Saudi Arabia, Muslims’ ultimate destination of reverence and worship, and the heart of all things Arab and Islamic, is tirelessly working to expand and provide opportunities for as many Muslims as possible to perform Hajj and Umrah and visit Mecca, Medina and holy sites. Not to mention religious, historical and cultural touristic sites, thus reflecting the honorable, bright and civilized image of the Kingdom’s efforts in service of all Muslims. Pursuant to the Kingdom's Vision 2030 programs and plans, the Kingdom had announced its intent on increasing the capacity for Hajj, Umrah and tourism visitors. The current figures have been doubled several times and will increase gradually over the next 10 to 15 years.
These quantitative expansions require across-the-board development of services, whether it be for airports, trains and ground transportation, or new construction of roads and bridges and of course enhancement in other service areas such as sources of food, water, treatment, housing and the like, thankfully the Kingdom has mega programs in progress for such developments and expansions. In short, the Kingdom will undoubtedly continue to do its level best in this regard.
One of the most pivotal themes that are constantly being worked on is organizational optimization of Hajj and Umrah through technology. The Kingdom has already fielded many technologies such pilgrims’ smart wrist bands, smart cards, electronic applications for translation and directions, to name but a few.

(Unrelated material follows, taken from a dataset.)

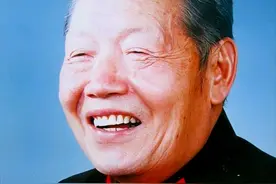 我国战机误击它国客机，赔偿被报复损失惨重，飞行员和地指被处分图片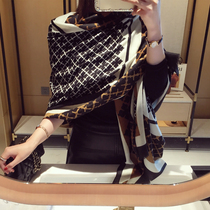 Little Slip Home 2022 Spring Summer New Advanced Elegant Brown Tourist Sunscreen Shawl Silk Scarves Cotton Scarlet Cotton Scarves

This hi-tech realm is proving to be quite promising and can divided/viewed into two main areas:
1: Technologies such as the Internet and Wi-Fi, software programs such as Google Maps, applications such as translation from/to several languages, videos and traffic control sensors, and vehicle tracking devices (buses) and many other similar solutions.

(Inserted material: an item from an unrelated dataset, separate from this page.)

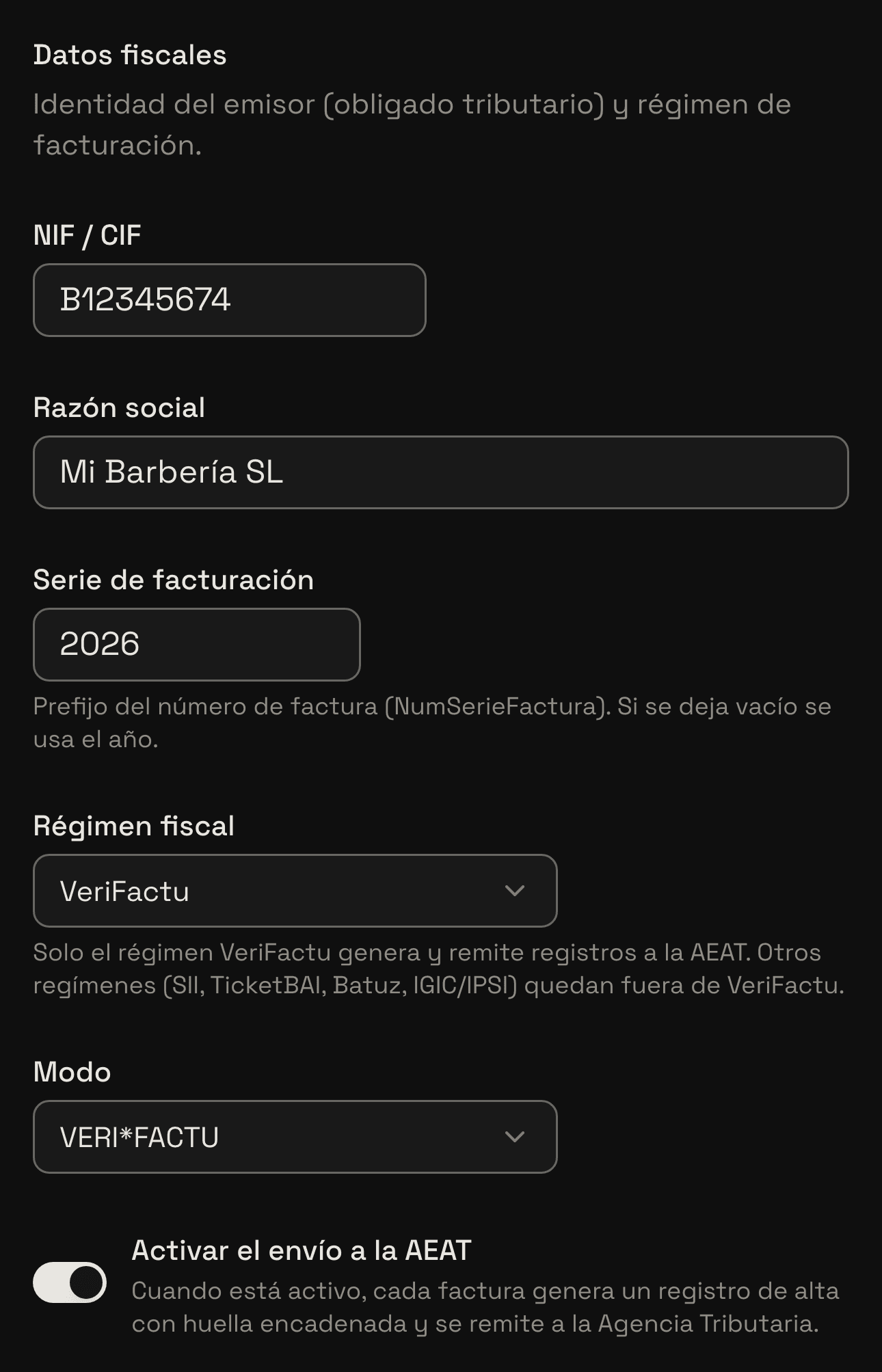 La sección «Datos fiscales» con el NIF, la razón social, la serie, el régimen VeriFactu, el modo VERI*FACTU y el interruptor «Activar el envío a la AEAT» encendido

2: Applications, which seem to be of paramount importance, elements such as "the Internet of Things" and "fifth-generation technologies" where you can dream and draft anything you want to do, and realize it in the simplest of ways through the Internet of Things and 5G technologies.

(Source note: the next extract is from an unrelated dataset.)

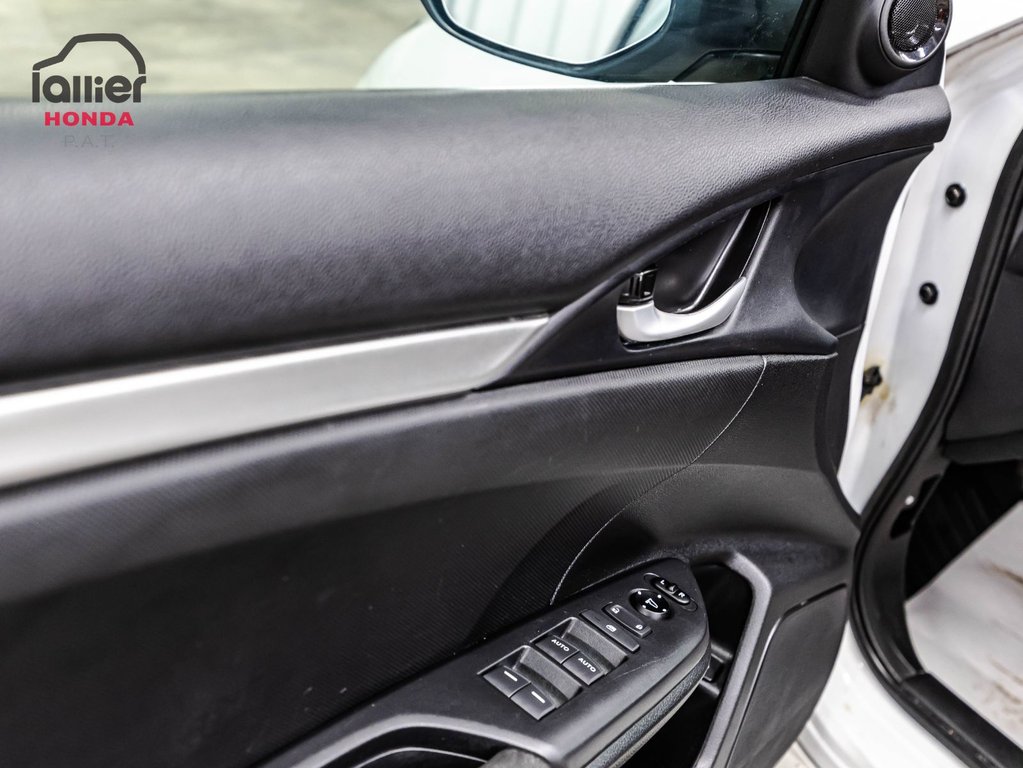 2020 Honda Civic Sedan LX in Montreal, Quebec - 11 - w1024h768px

Here’s a thought to ponder in light of all of the abovementioned available technologies and applications; what if we were to imagine developing advanced applications -not to track, but to control movement and flow- of everyone (not by the minute but with each second) to and from everywhere while performing the timeless rituals of pilgrimage, that is, we simultaneously direct and monitor each pilgrim throughout the multitudes’ performance of all rites and rituals within the holy sites from Mina’s housing camps to buses and then to Arafa and Muzdalifah through to stone throwing all the way to Ka’bah circling and Safa/Marwa compassing, with every move carefully measured down to minutes, seconds even.
Question: Is it difficult for us to build a "simulation" hub in some of the world's largest hi-tech lab companies outfitted the globe’s finest programmers to carry out the task of mobilizing and organizing the pilgrims to perform Hajj over seven days?
Answer: There is no technical difficulty.
If the above I seriously considered, and we took to thinking outside the box (and any other box for that matter), this “technological based organizing” will provide us with ample additional space to accommodate larger numbers of pilgrims, especially if pilgrims are trained on this technological flow in their countries wek ahead of the Hajj season.
It takes but an idea to spark any change even if it seems far-reaching or difficult to implement. With the Kingdom's constant endeavors to improve and develop the Hajj system, we will soon, and I mean very soon, witness a ‘smart’ pilgrimage with excellence that exceeds all expectations and fulfills all aspirations, God willing.